Monday, September 27, 2010

Cry of the velociraptor

Here is a partial index of the noises A makes:

1. The Ur-giggle -- My kid doesn't quite yet understand the tenets of comedy (irony, slapstick, wordplay, hypocrisy, despair, and existential angst), but she can sort of see them on the horizon.  Certain stimuli will elicit some kind of proto-laughter from her, a very special staccato grunt that you earn if you smooch on her arms from her wrists up to her shoulders, or if you pretend to chomp at her hands.  The Ur-giggle lacks all of the pitch and melodics of genuine laughter, but it has the rhythm about right.  It's like a happier version of an asthma attack, or the wheezing of a jolly long-term smoker.

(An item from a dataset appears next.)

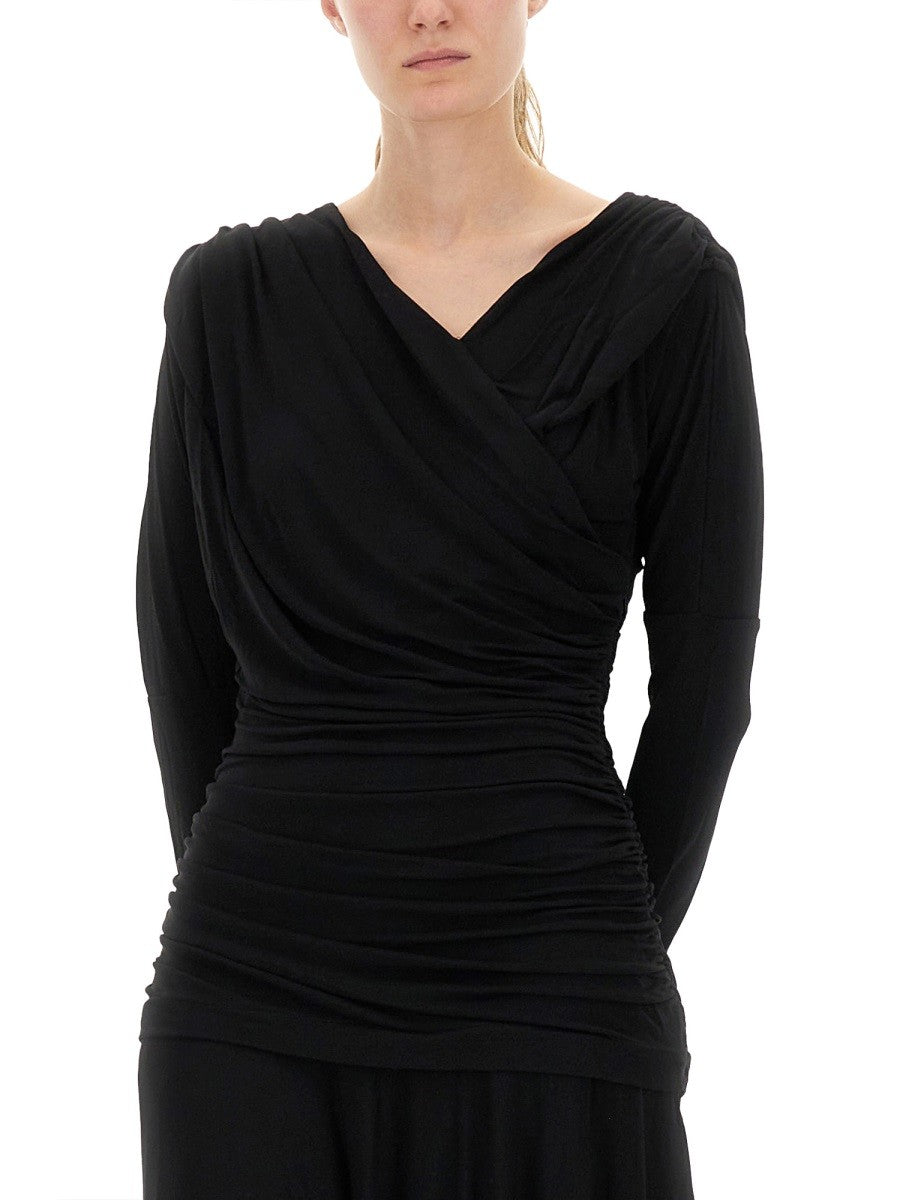 GANNI GATHERED MIDI DRESS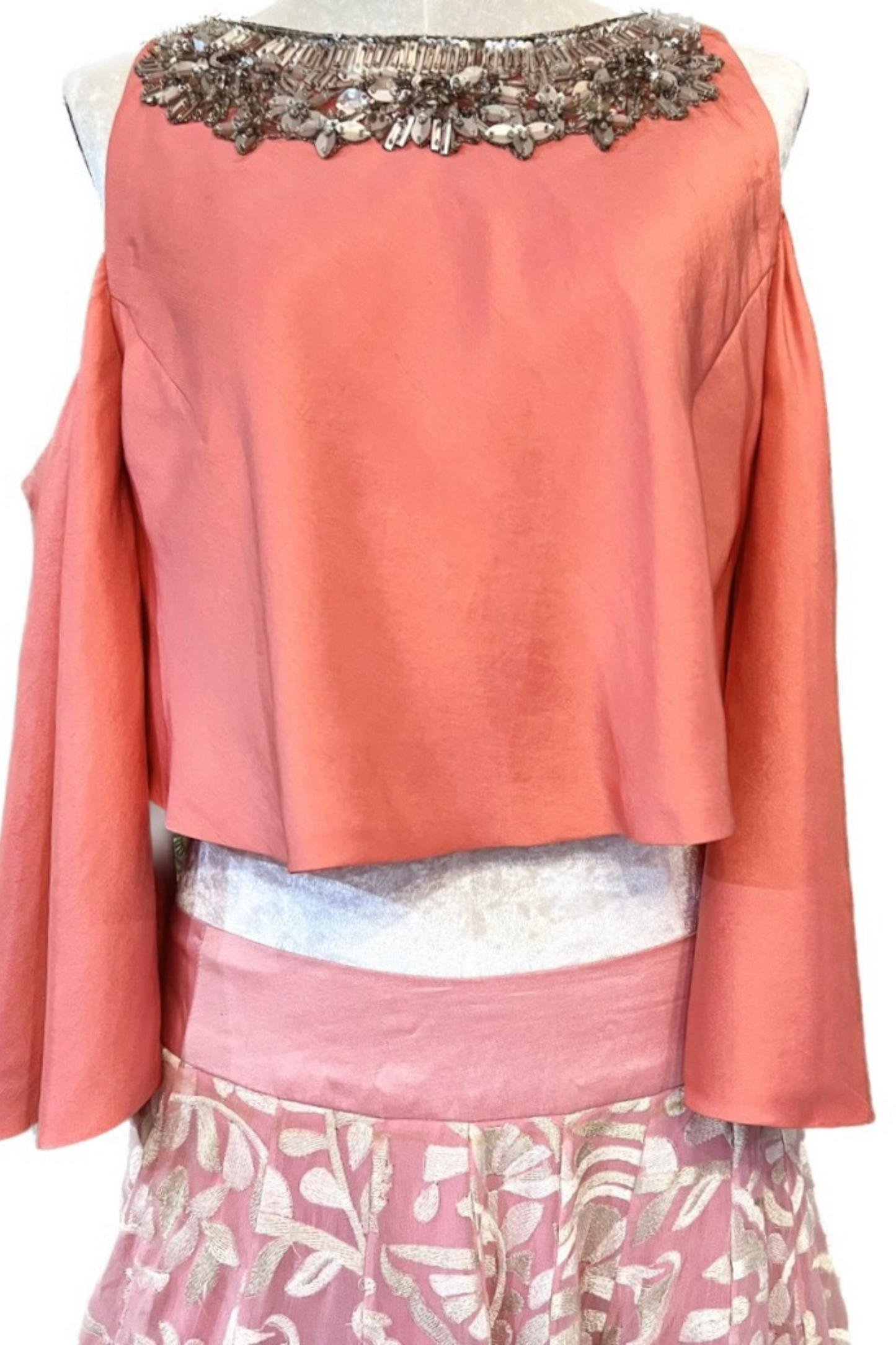 Coral pink indo western lengha by manish malhotra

2. The Velociraptor Cry -- This is a stranger one.  When you keep your face a few inches from hers, eventually her hands, in their semi-random flailing, will smack onto your skin, and find a grip in your cheeks or nose or eyelids.  This becomes a genuinely riotous occurrence, and she will express some mysterious emotion or thought (amusement? conquest? resentment?) with a single extended, shrill, piercing note.  Many times I am sitting there, letting her mangle my face, as she literally screams inches away from me.  I am so close to her that all I can see if her mouth and the little gems of saliva gathering at the corners of her lips during her high, strangely monotonous shriek.  If this was a horror movie, her skin would peel back and she would become a demon and eat my face off.  But so far she just expresses herself with the velociraptor cry.

3.  The Wail of the Dispossessed -- At least once a night, after she has been put to bed, A will cry because she has rolled over onto her stomach and now finds herself at a complete loss as to how she got there, and how she could possibly flip herself back over.  This is a comically pathetic noise.  She is crying, but her heart's not in it.  Then we just sneak back into her room, try to gently flip her over without either fully waking her up or breaking her arm, and then hightail it out of there.   Sadly, her learning curve on this particular issue has been a little disappointing. Here's a hint! Roll over again!

4.  The Woo -- We are reaching the really exciting phase of parenthood where it's okay to throw your child around.  We can toss her upwards and actually give her a fraction of a second to fly and fall in the air.  She just loves it, too.  She always seems to look at some nearby point, perhaps to ground her perception, but she just clasps her hands and offers a big wide smile.  She may grunt or chuckle but she will more likely just squeal happily, long ropes of saliva falling through the air like the massive payloads of fire retardant that airplanes drop to fight forest fires.  She is up in the air, weightless for a second at our outstretched fingertips, smiling at us as we brave the intermittent showers of spittle to laugh at her glee and to woo along with her, watching her fly above us from our place on the distant ground.